Weiss smiled. "The big leagues, I like that. All right let me talk about the Firm. First off, I want to dispel any notion about Sullivan & Adler, Micah. Sure, we used to be a sweatshop in the '80s, but not anymore. We encourage associates to do pro bono work, we pay the highest salaries in the city, and, with your federal judge clerkship, you'd be treated and paid as a Second Year associate."
"Mr. Weiss, if I can ask, I'm curious about two things. Camaraderie in the department and billable hours. What are they like here?"
"We have a great litigation department. Everyone gets along, like a fraternity. In fact, Stu Greenbaum had a cook-out last week for the associates. We care about our associates not only as lawyers but as colleagues, too."
"That's good to hear. I think getting along with the people you work with is important." Micah hesitated, wondered if he should press the issue about Sullivan & Adler's reputation. He exhaled and said, "What about billable hours? I mean, are associates required to bill a minimum number per year?"
"Like I said, we're not a sweatshop anymore." Weiss took one more glance at Micah's résumé, tossed it on the desk. "We want quality lawyers now, not quantity. For upper-margin work. We don't have a minimum number of hours anymore. No way."
"That makes me feel better because I heard that the litigation associates here average about twenty-four hundred hours a year, and I wondered if that was the standard for the New York office or just a-"
"Look, Micah, don't worry about the hours. That figure is from a few years ago. It's not important. What's important is that we like you. In fact, I probably should tell you up front . . . we're prepared to extend an offer to you today."
"You all don't want to do another round of interviews?" Micah leaned back in his chair, fighting off a grin. He stared at Weiss's smiling blue eyes and felt a connection with him. "I don't know what to say,
Mr. Weiss. I'm flattered."
"'Gabe.' And you're too humble. Your resumé speaks for itself. You're as good as any candidate who's walked in here. Here, take a look. That's the salary and bonus structure for a Second Year."
Weiss sailed a sheet of paper across his desk. Micah caught it, smiled, and glanced down. $160,000 plus an annual bonus based upon a percentage of base salary and the Firm's productivity in the fiscal year. Micah's eyes twitched involuntarily. It was easily higher than any other offer he'd gotten.
"I noticed you like to do charity work, too," Weiss said. "The firm has some of the best community service programs in the city. We work with Volunteer Lawyers for the Arts, Habitat For Humanity, you name it. It's a good fit for you."
"Well, it looks that way.

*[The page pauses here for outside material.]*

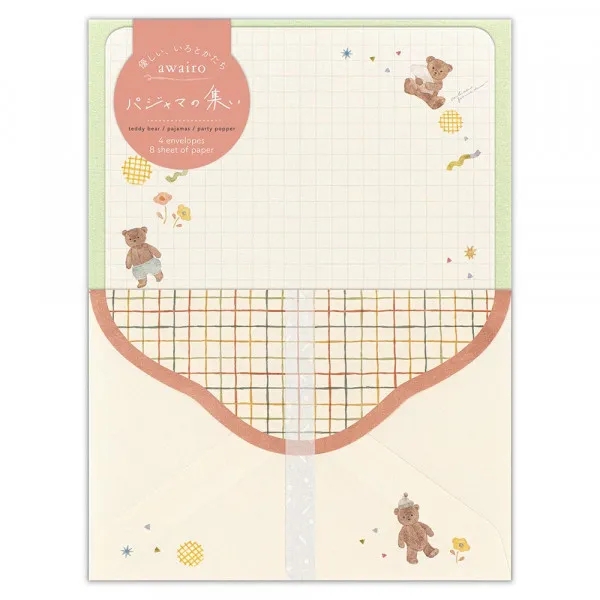 Set Giấy Viết Thư Mini Series Nuku - Awairo | Hãng NB Nhật Bản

But-"
"But your dance card's full, isn't it?"
"I don't know . . . yes, sir. I mean, I have offers from other firms. I would like some time to decide what's best because-"
"Which firms?" Weiss leaned over his desk, winked. "Confidentially, of course."
"Chatham and Franklin. They have the best pro bono program in the country according to The New York Law Journal ."
"Losers, bunch of stiffs. They pay the lowest salaries in the city."
"White & Gardiner."
"Second rate. They don't even have an official pro bono program. You need pro bono work. It's a great way to get deposition and court room experience, and we encourage that here. Very few big firms do that. So who else gave you an offer?"
"Horvath-"
"Pretentious, Ivy League good old boys. You probably interviewed with Gill Martin Stover, right? 'Mister Columbia 1978.' Let me tell you a little story about that nutty bastard. The guy brings a pair of nail clippers and a box of sharpened number 2 Ticonderogas wherever he goes. When he's bored, he clips his nails, the uncouth schmuck. And when he's angry, he'll take out a brand new pencil and quietly break it in half."